玉琅止知道容星雪在想什么,他摸起了桌上的文稿,开始睁眼说瞎话道:“我无法像寻常人一样跑跑跳跳,整日只能呆在屋里喝着药膳,看一些杂书作为解闷的乐趣。作诗和策论这些也是随手写下,并未想过其他。而且我这身子,也不适合上朝。”

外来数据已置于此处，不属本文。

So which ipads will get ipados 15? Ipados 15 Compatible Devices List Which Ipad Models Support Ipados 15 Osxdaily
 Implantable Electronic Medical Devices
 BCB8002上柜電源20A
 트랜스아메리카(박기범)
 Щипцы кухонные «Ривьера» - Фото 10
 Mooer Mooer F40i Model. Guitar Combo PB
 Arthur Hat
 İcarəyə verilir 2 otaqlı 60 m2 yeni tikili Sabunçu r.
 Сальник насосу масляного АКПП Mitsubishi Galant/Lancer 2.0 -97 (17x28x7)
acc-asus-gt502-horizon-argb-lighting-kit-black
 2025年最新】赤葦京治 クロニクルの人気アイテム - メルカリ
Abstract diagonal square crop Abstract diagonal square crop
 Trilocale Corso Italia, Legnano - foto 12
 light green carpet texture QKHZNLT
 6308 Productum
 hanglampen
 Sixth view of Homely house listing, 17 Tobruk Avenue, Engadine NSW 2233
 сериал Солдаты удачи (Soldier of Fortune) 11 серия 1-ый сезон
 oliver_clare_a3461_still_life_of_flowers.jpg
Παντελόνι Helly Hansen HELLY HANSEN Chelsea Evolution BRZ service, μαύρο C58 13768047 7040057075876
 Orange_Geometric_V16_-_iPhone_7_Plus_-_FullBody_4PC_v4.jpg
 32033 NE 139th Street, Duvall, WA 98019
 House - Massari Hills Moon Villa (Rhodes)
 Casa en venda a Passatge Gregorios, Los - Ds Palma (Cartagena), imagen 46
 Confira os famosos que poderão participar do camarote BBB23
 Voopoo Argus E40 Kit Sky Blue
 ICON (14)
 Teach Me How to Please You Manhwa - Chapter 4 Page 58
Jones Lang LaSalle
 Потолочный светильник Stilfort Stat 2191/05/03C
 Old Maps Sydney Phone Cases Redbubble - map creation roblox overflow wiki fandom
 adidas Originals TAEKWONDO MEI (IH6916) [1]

玉琅止不是懒惰的人,但也不想像那些领着固定薪资的朝堂大臣一样每天起的比鸡早,日复一日。
容星雪打量着玉琅止,想确定这是他的真心话还是为了哄自己才说的违心话。
玉琅止任他端量,虽然他看不见,但能感受到容星雪落到自己身上那强烈的目光。
“殿下,王妃,午膳已经弄好了,老爷让小的来喊你们到大厅去。”这时候,有个小厮跑过来对他们说道。
玉琅止和容星雪只能暂且放下刚才的话题,跟着小厮重新回到了前厅去。
这顿饭,玉家是使出了浑身解数,就想服侍好容星雪,什么好吃的都给端了上来,酒也是上好的美酒。只是容星雪不爱喝酒,意思意思抿了两口就把酒杯放下了。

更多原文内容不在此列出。